##### EXERCISE INPUTS #####

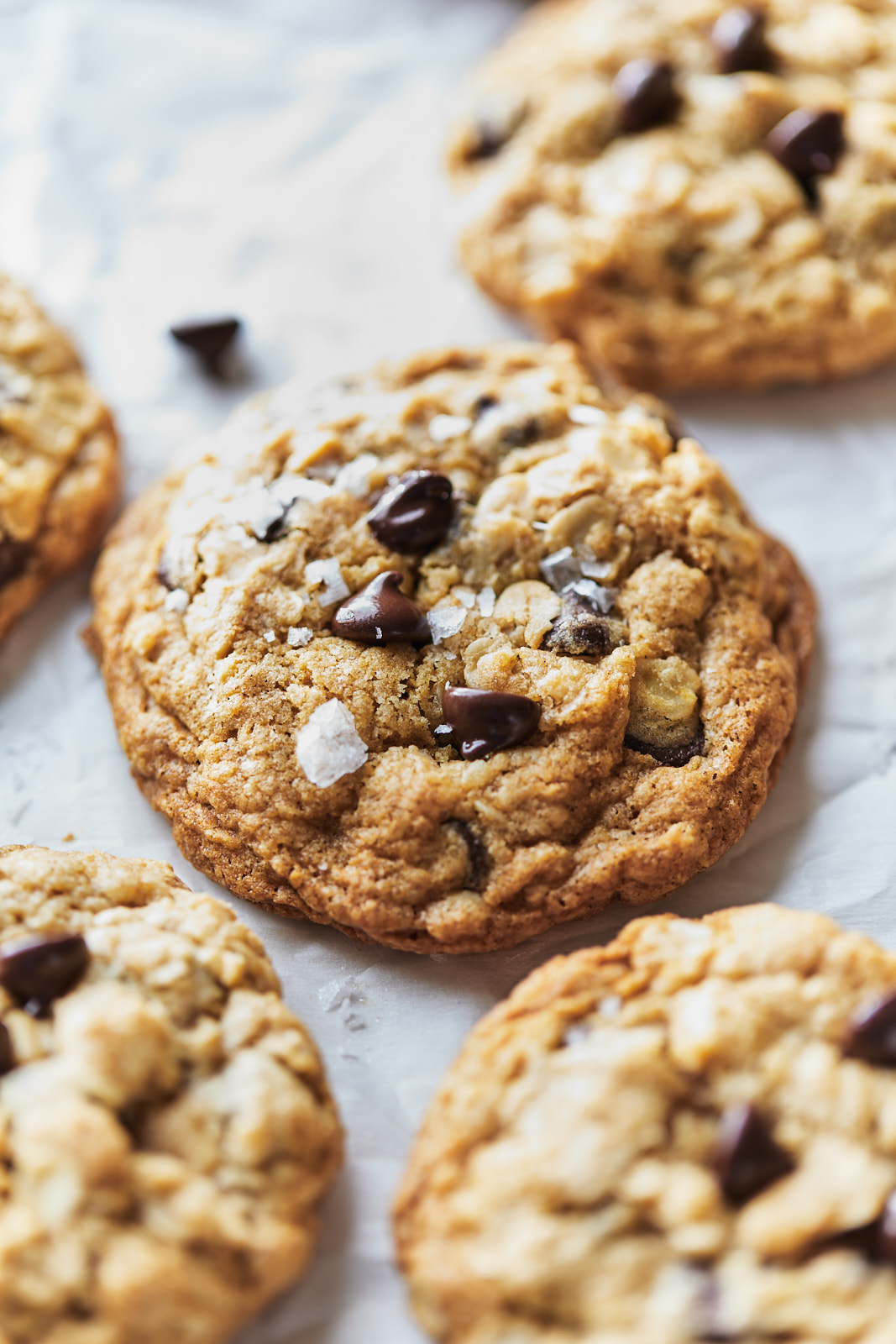 Classic Oatmeal Cookies (Gluten Free)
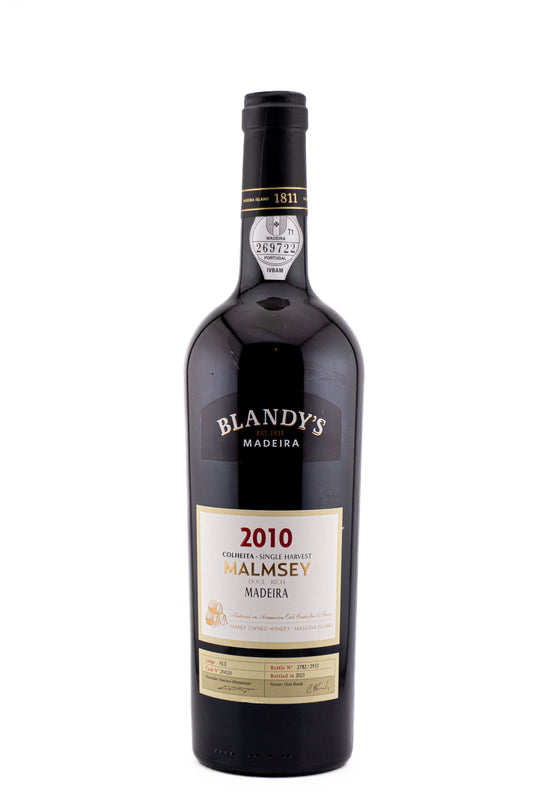 Blandy's Madeira Malmsey 2010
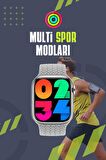 WEARFİT HW9 PRO MAX  Akıllı Kol Saati  Smart Watch Model:inç 45mm AMOLED  Ekran (GRİ)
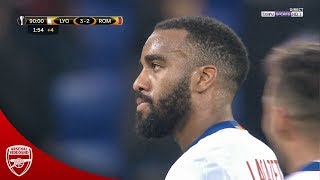 The Match That Made Arsenal Buy Alexandre Lacazette [upl. by Gnol]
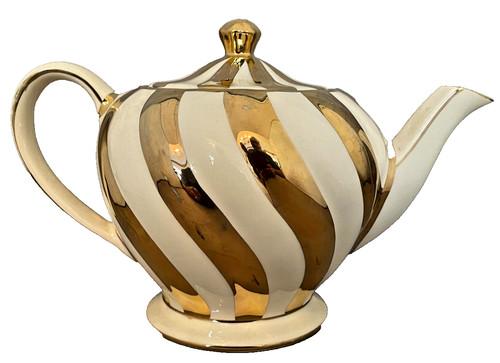 Vintage sadler gold striped - sadler,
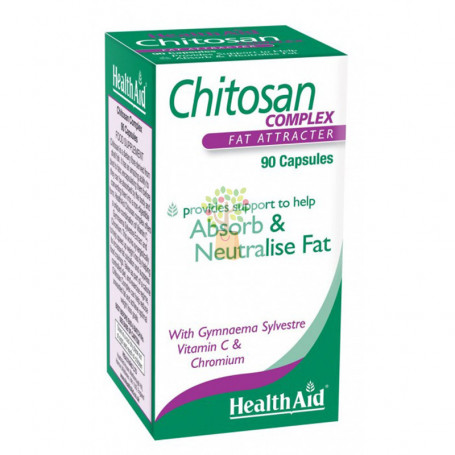 CHITOSAN COMPLEX 90 CAPSULAS HEALTH AID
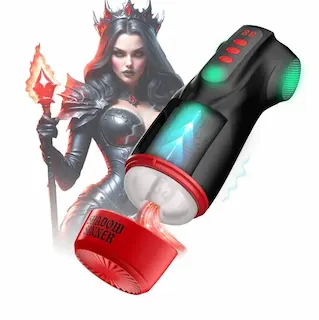 Automatický masturbátor Masturs Shadow Sinner Raven (26 cm)
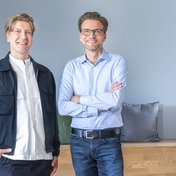 Frank Vogel, Geschäftsführer Ad Alliance und Tim Lammek, Managing Director Bauer Advance , Bild: Bauer media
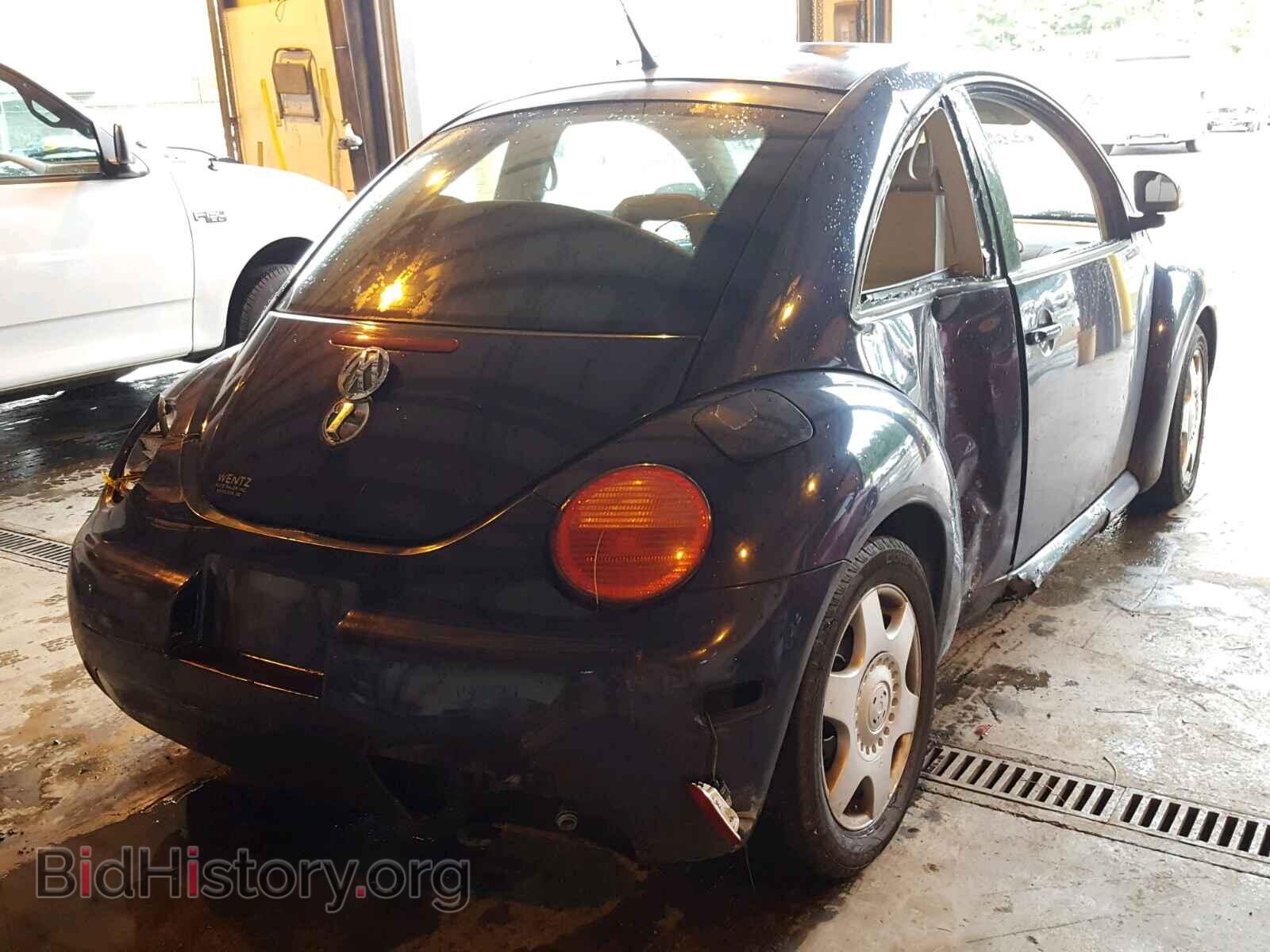 2000 VOLKSWAGEN BEETLE - VIN: 3VWDD21C0YM419708 - Фото 4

#####

REQUIREMENT:
Every last line above must be reproduced as written, and no pictures belong in the copy.

RESPONSE TO THIS EXERCISE:
 Classic Oatmeal Cookies (Gluten Free)
 Blandy's Madeira Malmsey 2010
 WEARFİT HW9 PRO MAX  Akıllı Kol Saati  Smart Watch Model:inç 45mm AMOLED  Ekran (GRİ)
 The Match That Made Arsenal Buy Alexandre Lacazette [upl. by Gnol]
 Vintage sadler gold striped - sadler,
 CHITOSAN COMPLEX 90 CAPSULAS HEALTH AID
 Automatický masturbátor Masturs Shadow Sinner Raven (26 cm)
 Frank Vogel, Geschäftsführer Ad Alliance und Tim Lammek, Managing Director Bauer Advance , Bild: Bauer media
 2000 VOLKSWAGEN BEETLE - VIN: 3VWDD21C0YM419708 - Фото 4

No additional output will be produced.